▸ **What the task requires**
Could you print, exactly and without pictures, only the lines from the one with "Small Push Chrome" through the end of the records below?

[Records provided]

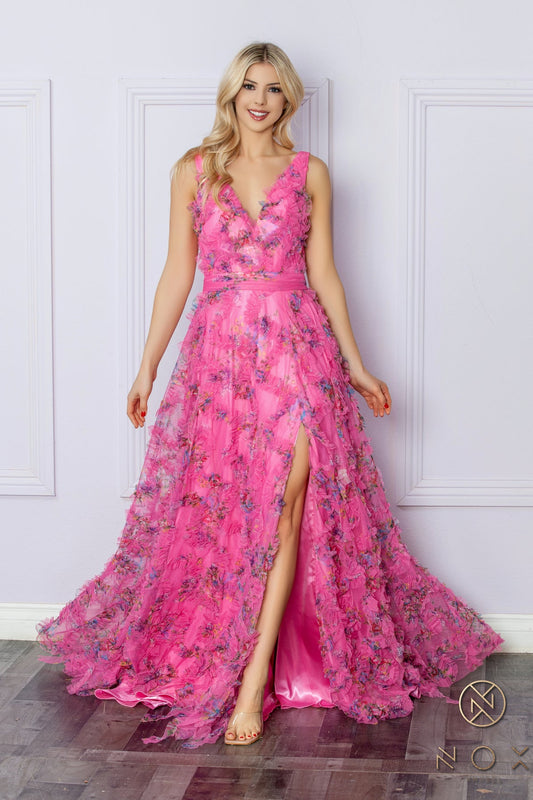 Prom Dresses Formal Long Prom Gown Fuchsia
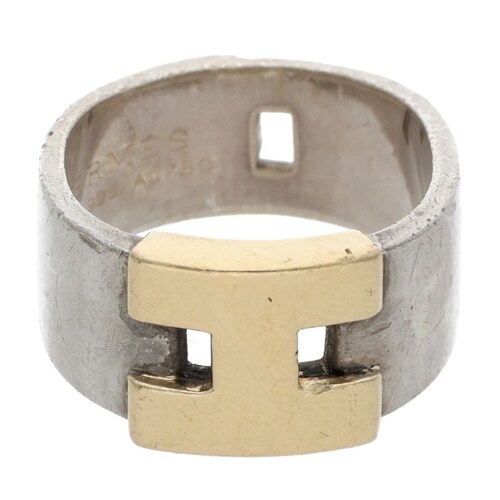 エルメス HERMES Hロゴコンビリング ヘラクレス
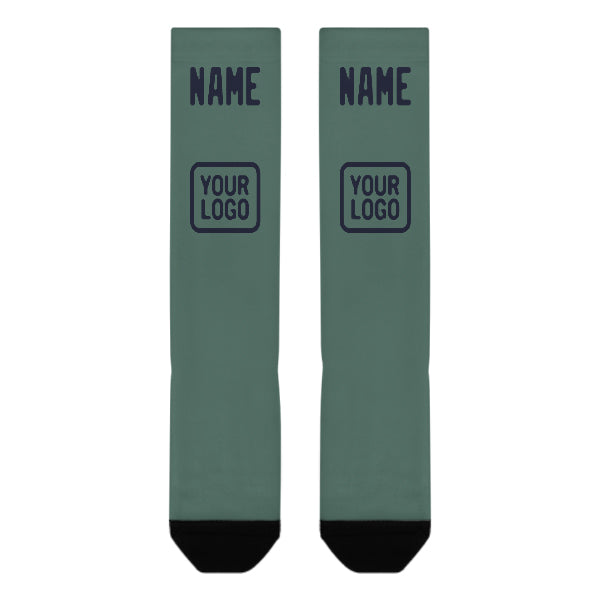Custom Blue Green Navy Knee-High Sock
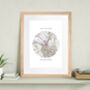 Where We First Met Personalised Map Print, thumbnail 5 of 7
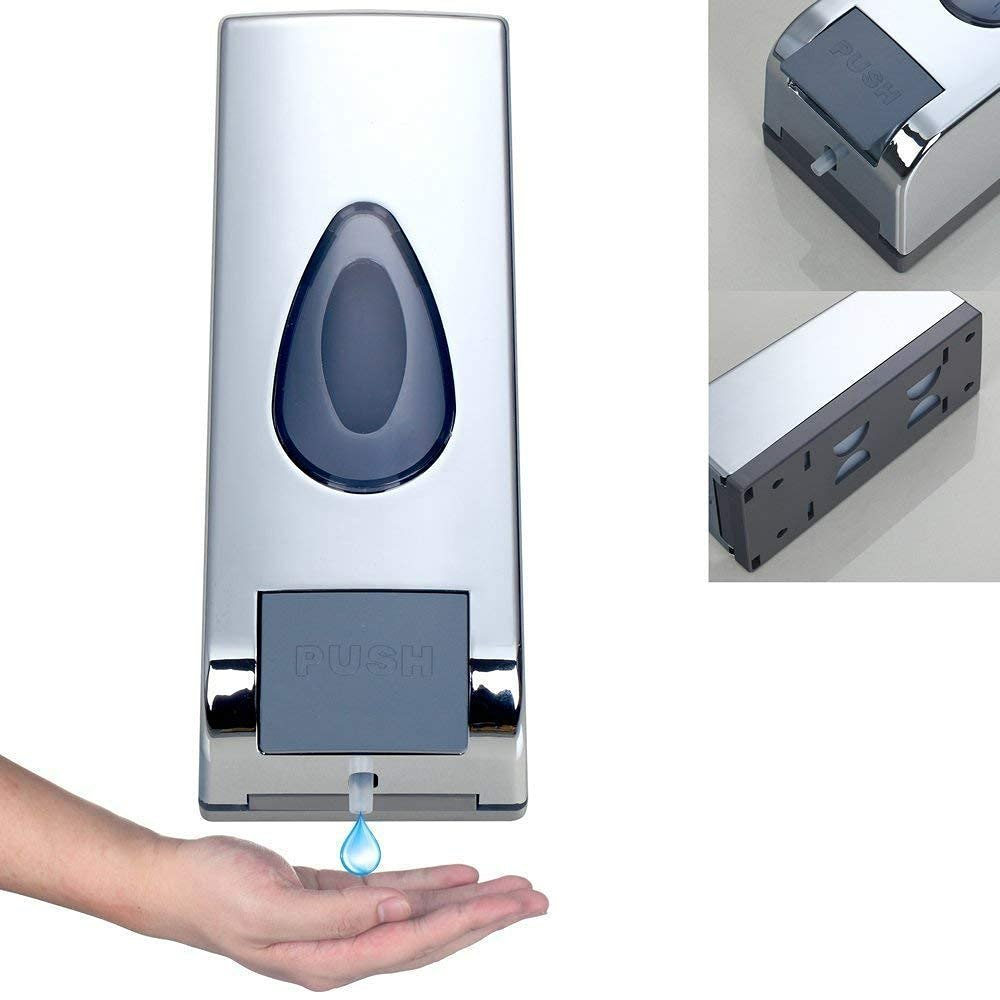 Small Push Chrome (350mL) Liquid Soap Dispenser (ABS)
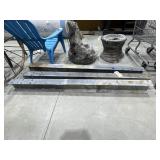 3 Pc - Metal Beams 72'L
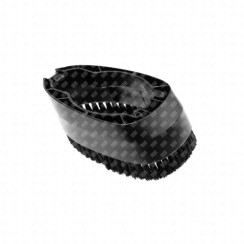 Brosse, embout amovible noir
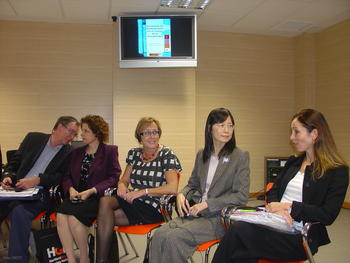 Investigadores internacionales, en el Centro del Alzhéimer de Salamanca.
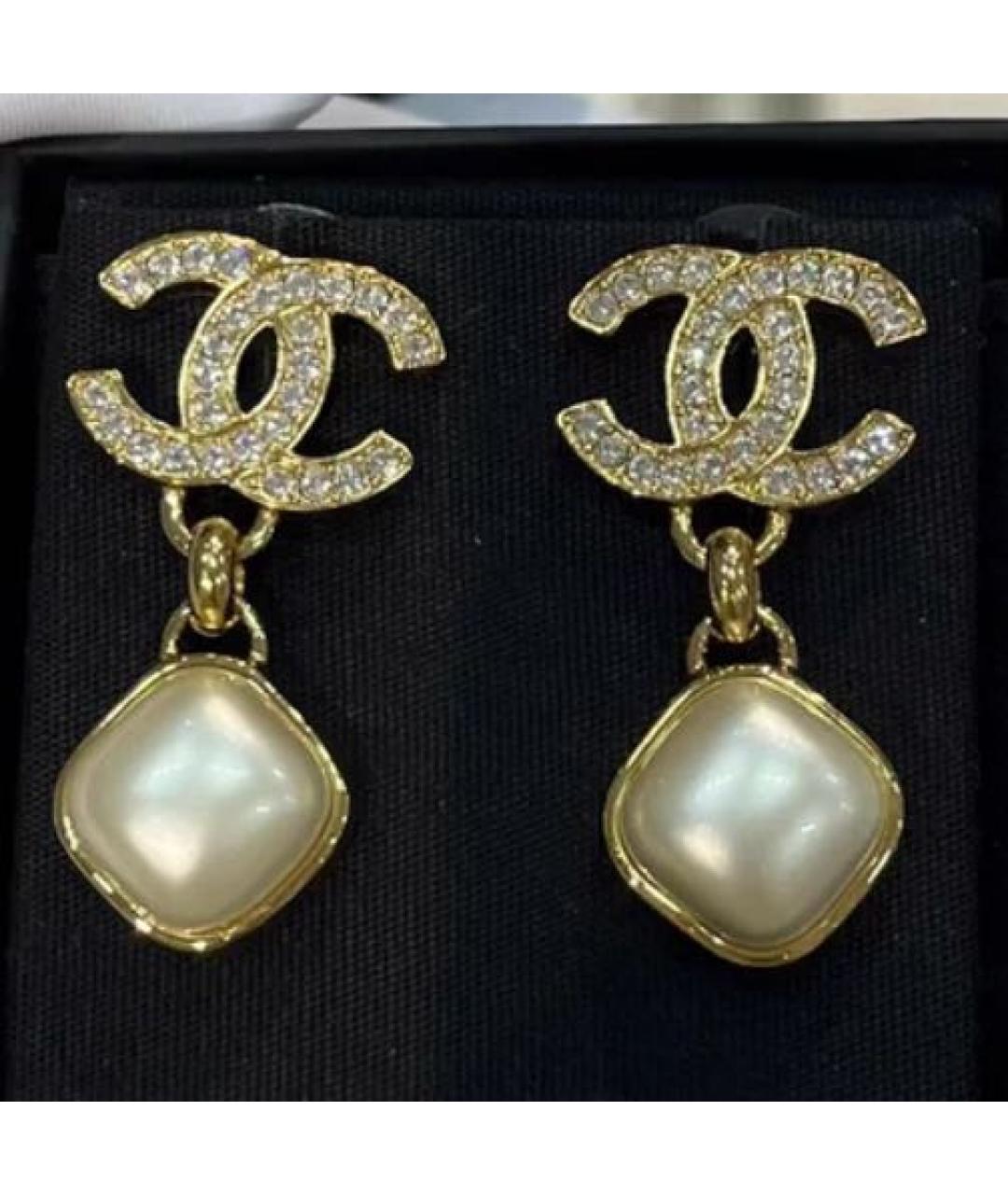 CHANEL Золотые серьги, фото 4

[/Records provided]

▸ **Result below**
 Small Push Chrome (350mL) Liquid Soap Dispenser (ABS)
 3 Pc - Metal Beams 72'L
 Brosse, embout amovible noir
 Investigadores internacionales, en el Centro del Alzhéimer de Salamanca.
 CHANEL Золотые серьги, фото 4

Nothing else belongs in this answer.